• [Work to complete]
Please output the line containing "Quels sont les" and all lines that follow it in the data below, exactly, with no pictures.

___ Listed entries

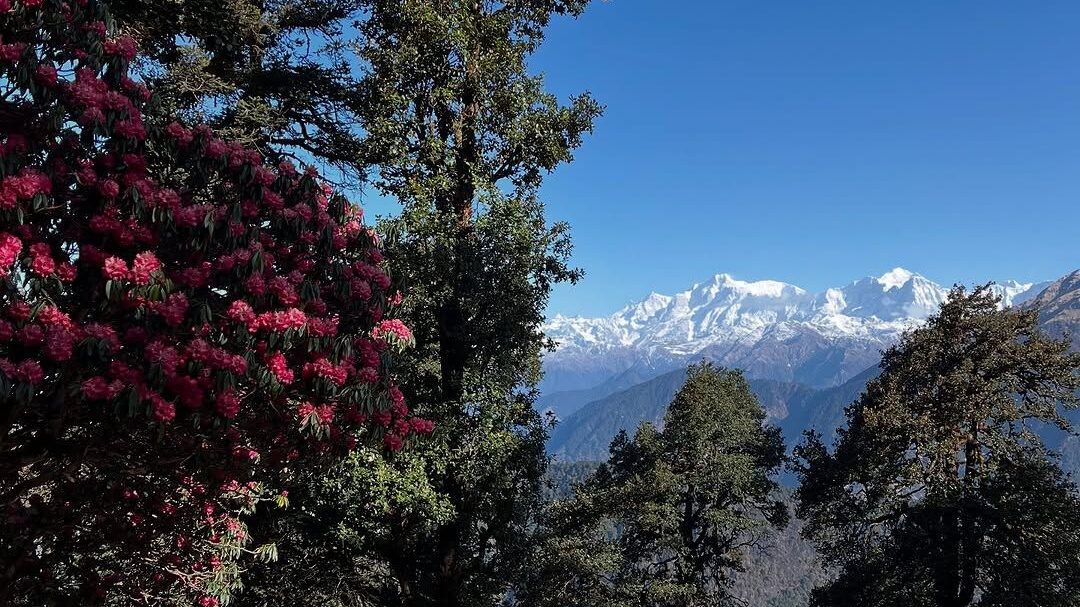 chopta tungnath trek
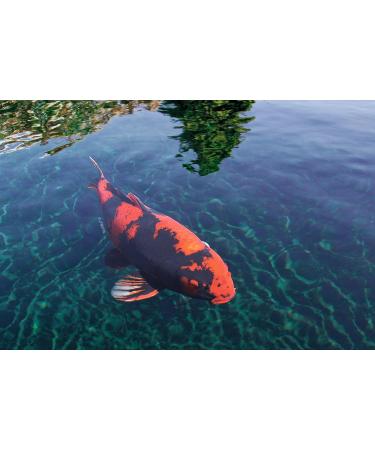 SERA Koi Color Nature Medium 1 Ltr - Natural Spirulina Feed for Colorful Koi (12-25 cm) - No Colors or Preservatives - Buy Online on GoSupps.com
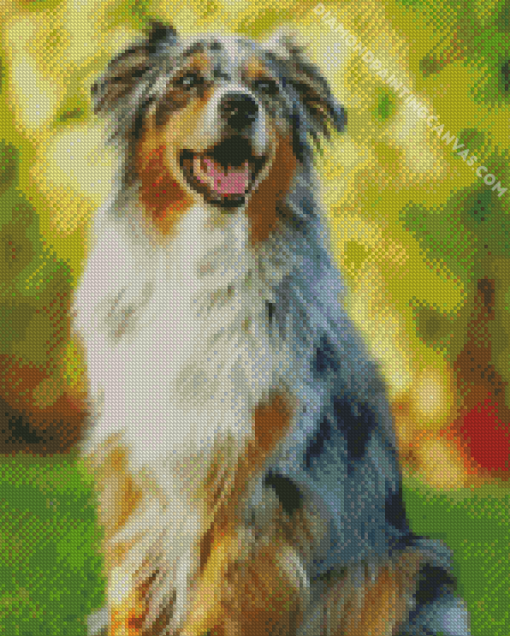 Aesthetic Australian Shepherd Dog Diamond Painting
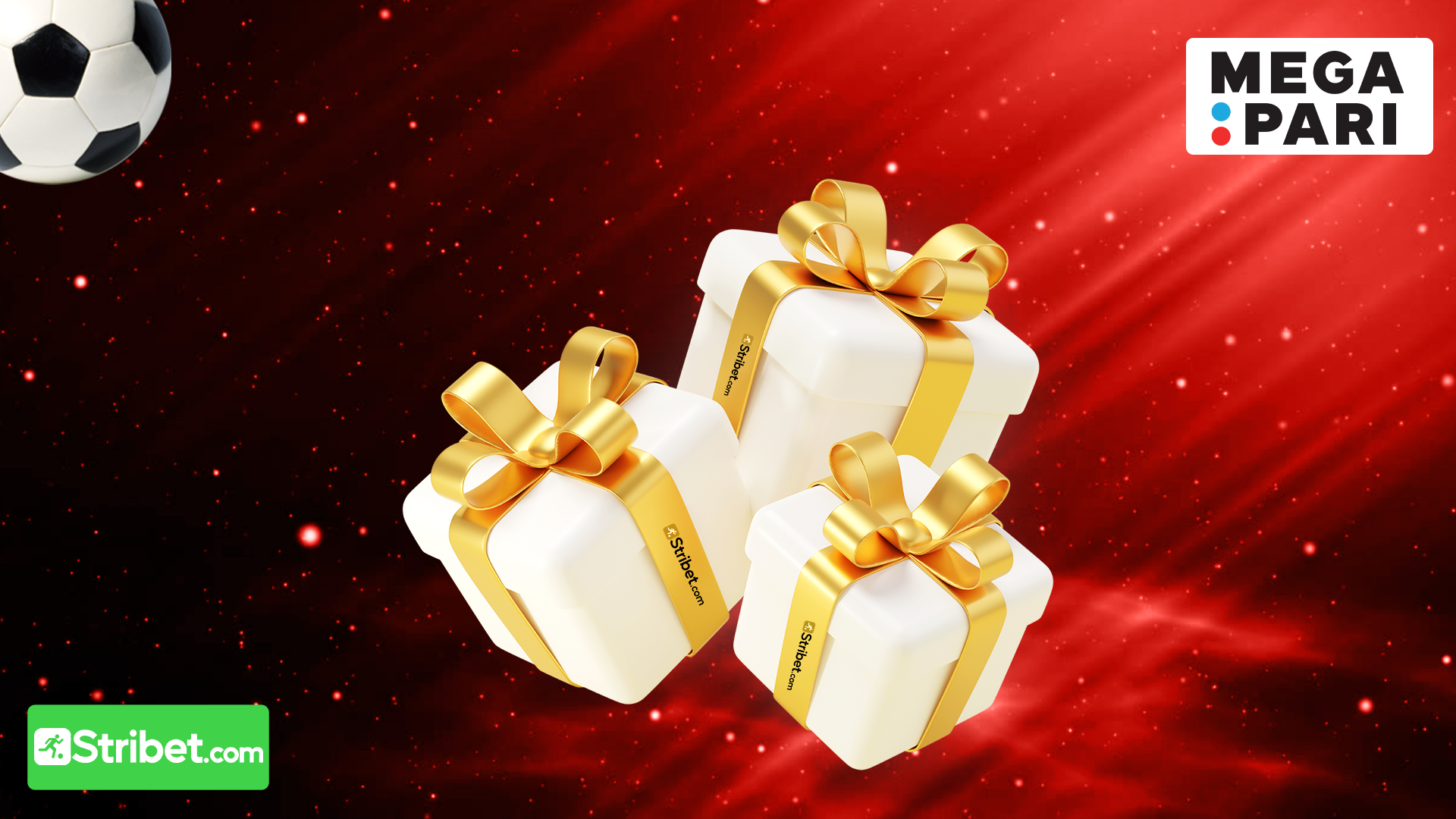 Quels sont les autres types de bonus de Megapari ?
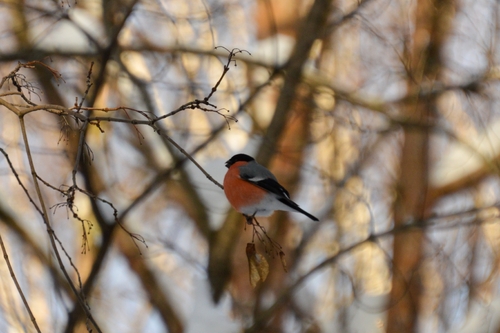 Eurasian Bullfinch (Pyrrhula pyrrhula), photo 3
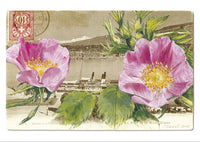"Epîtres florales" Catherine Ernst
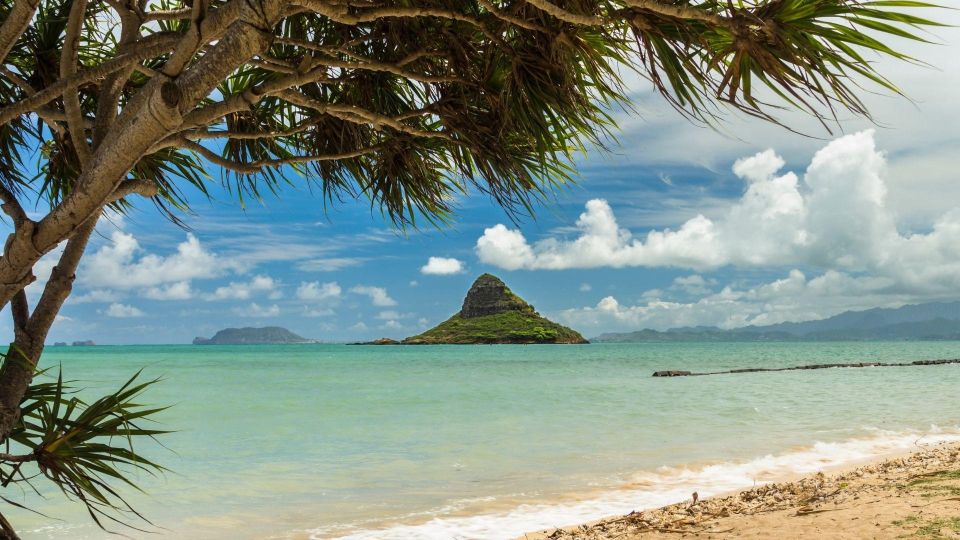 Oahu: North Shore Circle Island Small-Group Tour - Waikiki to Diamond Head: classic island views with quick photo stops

______

• [Task output]
 Quels sont les autres types de bonus de Megapari ?
 Eurasian Bullfinch (Pyrrhula pyrrhula), photo 3
"Epîtres florales" Catherine Ernst
 Oahu: North Shore Circle Island Small-Group Tour - Waikiki to Diamond Head: classic island views with quick photo stops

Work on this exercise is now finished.